§ WHAT TO DO
Retype exactly the span of lines below from the one with "Imagem da notícia: Presidente" through the one with "Электрокроссовер GAC Aion". Do not include pictures.

AVAILABLE DATA START

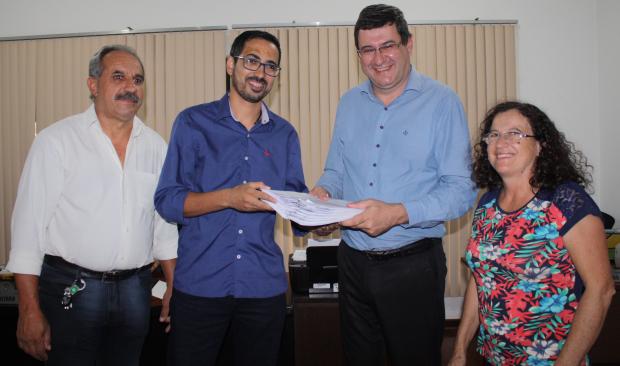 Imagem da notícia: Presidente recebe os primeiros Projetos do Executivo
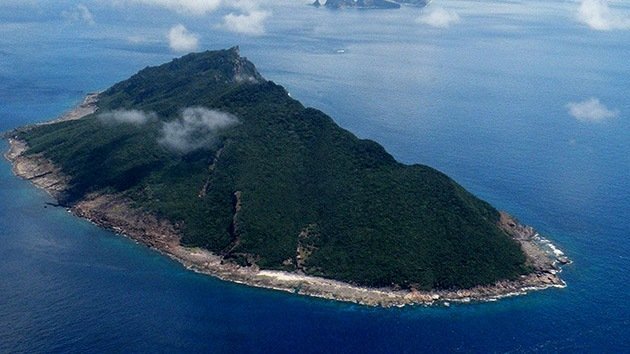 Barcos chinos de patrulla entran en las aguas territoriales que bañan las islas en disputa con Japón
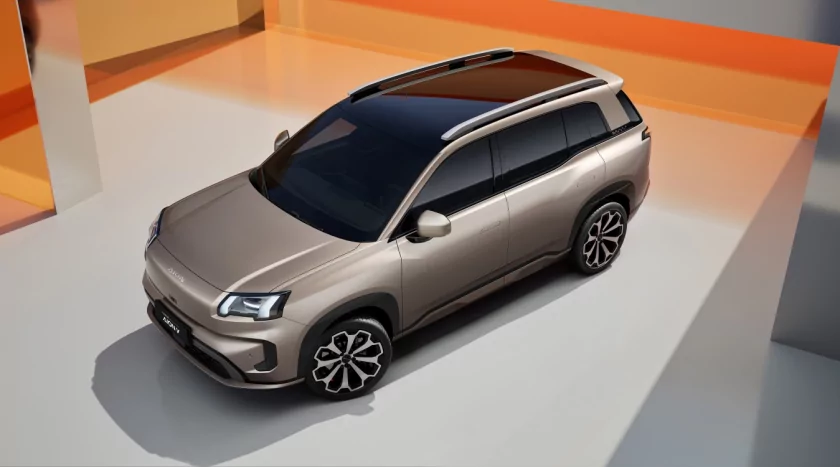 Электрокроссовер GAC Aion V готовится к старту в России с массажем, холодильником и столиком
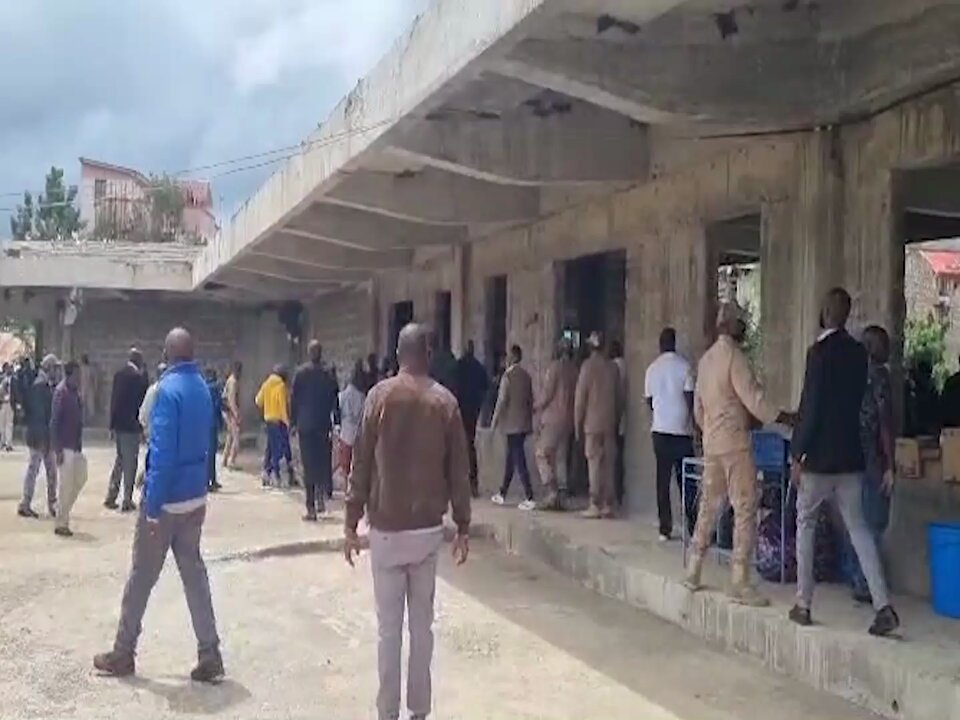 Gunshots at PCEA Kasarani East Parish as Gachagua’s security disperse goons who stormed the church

AVAILABLE DATA END
AVAILABLE DATA START

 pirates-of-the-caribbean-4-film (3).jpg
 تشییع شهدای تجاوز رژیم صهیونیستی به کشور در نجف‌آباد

AVAILABLE DATA END

§ ANSWER BOX
 Imagem da notícia: Presidente recebe os primeiros Projetos do Executivo
 Barcos chinos de patrulla entran en las aguas territoriales que bañan las islas en disputa con Japón
 Электрокроссовер GAC Aion V готовится к старту в России с массажем, холодильником и столиком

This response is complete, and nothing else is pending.